Using Twitter is not a ‘requirement’ at a conference. However, a name badge is! Coming in all shapes, sizes and colours, our badges contain simple details such as our name and our affiliated institutions. SpotOn took this to a whole new level with the introduction of interactive name badges, created by Blendology. These snazzy gadgets allowed conference goers to ‘tap in’ with people they met and interacted with, creating an electronic timeline of who you met and when.

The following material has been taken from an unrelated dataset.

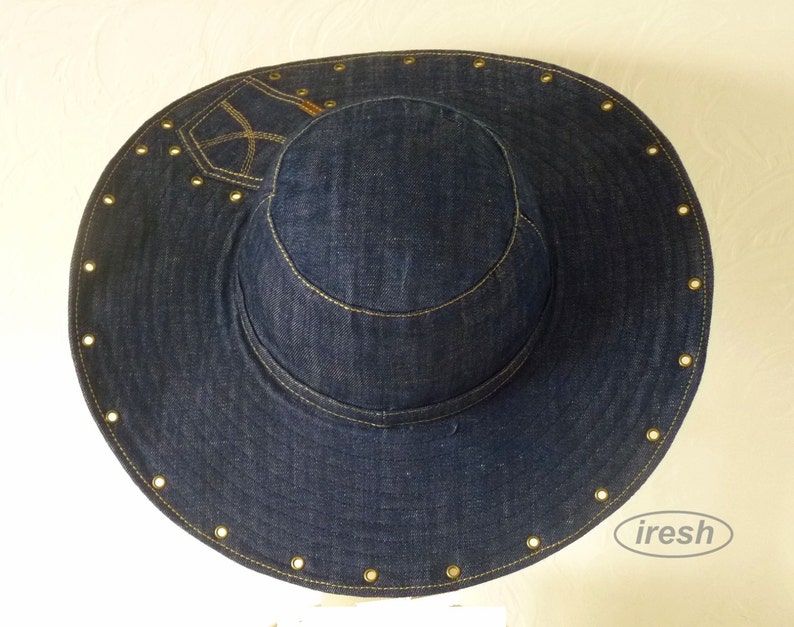 Summer women's hat, Denim hat, Dark blue denim, Wide-brim hat, Denim clothing, Blue hat image 4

Seen as a modern approach to the business card, you were then able to access information for the people you had ‘tapped’, including their email address and Twitter handle. Each delegate’s Blendology profile could be personalised in advance, so everyone had full control of what information was shared. Despite a small amount of animosity from people concerned with handling of the data generated, I’m sure the majority would agree that these were a superb icebreaker and common conversation topic (not to mention generating a few games) thereby making networking a much less daunting task. I think these interactive badges would be an asset to any conference, with the possibility for the data you can share being endless. Their implementation at science conferences could be of real benefit: imagine being at an academic conference, networking and collaborating with fellow scientists, and upon ‘tapping in’ with them knowing that alongside their key contact details you have just obtained the links to their key publications. I think in a few years time these will be conference stalwarts. Not to mention they’re vital if you’re the sort of person who is hopeless at remembering people from their name alone.

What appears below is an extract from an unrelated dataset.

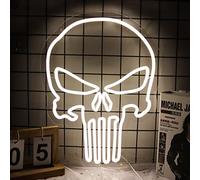 JFLLamp Letreros de neón de calavera para decoración de pared, logotipo de Punisher, luces de neón para dormitorio, letreros LED adecuados para cueva de hombre, sala de estar, bar, cafetería, regalo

At academic conferences, I am scared to speak to anybody who is not a fellow PhD student. There is a social hierarchy that we are afraid to break. SpotOn was attended by lots of important people, but yet I was not as afraid to speak to them due to the more open and relaxed conference environment. Are academic conferences in desperate need of a shake up? Should we be looking to these modernised communication conferences for inspiration? SpotOn and Sci Comm 2013 opened my eyes to what I believe academic conferences could become: a much more engaging and enjoyable environment in which scientists and science as a whole can thrive and evolve, developing science into a more open and accessible area that uses technology to interact more directly with everyone.